#### Record extracts:

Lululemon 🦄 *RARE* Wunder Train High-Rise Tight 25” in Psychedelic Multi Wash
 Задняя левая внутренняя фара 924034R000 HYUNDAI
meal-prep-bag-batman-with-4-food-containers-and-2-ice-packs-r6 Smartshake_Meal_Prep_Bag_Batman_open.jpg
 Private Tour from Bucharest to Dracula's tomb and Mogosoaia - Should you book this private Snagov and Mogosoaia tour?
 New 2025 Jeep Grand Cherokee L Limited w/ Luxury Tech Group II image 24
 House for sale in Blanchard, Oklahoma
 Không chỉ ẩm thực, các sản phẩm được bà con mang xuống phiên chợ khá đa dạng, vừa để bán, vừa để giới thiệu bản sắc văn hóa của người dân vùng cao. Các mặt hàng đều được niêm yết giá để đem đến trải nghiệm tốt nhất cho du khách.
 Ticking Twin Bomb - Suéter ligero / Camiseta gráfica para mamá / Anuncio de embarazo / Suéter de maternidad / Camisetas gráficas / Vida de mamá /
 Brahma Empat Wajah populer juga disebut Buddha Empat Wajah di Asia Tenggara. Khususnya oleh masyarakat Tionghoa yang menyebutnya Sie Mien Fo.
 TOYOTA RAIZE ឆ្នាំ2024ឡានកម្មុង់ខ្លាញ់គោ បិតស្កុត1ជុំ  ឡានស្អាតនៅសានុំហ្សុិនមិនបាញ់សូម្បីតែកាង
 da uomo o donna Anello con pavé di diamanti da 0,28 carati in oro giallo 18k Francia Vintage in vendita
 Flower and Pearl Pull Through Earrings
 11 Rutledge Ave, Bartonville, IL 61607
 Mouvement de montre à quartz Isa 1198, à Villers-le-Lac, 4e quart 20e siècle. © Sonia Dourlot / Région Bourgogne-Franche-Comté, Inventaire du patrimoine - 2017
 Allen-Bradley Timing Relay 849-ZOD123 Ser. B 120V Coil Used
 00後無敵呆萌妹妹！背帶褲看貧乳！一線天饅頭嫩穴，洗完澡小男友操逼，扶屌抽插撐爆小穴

#### Assignment:
Copy out exactly the lines from the line with "Mouvement de montre" to the end of the listing, including both of those lines, and give nothing else.

#### Output for this task:
 Mouvement de montre à quartz Isa 1198, à Villers-le-Lac, 4e quart 20e siècle. © Sonia Dourlot / Région Bourgogne-Franche-Comté, Inventaire du patrimoine - 2017
 Allen-Bradley Timing Relay 849-ZOD123 Ser. B 120V Coil Used
 00後無敵呆萌妹妹！背帶褲看貧乳！一線天饅頭嫩穴，洗完澡小男友操逼，扶屌抽插撐爆小穴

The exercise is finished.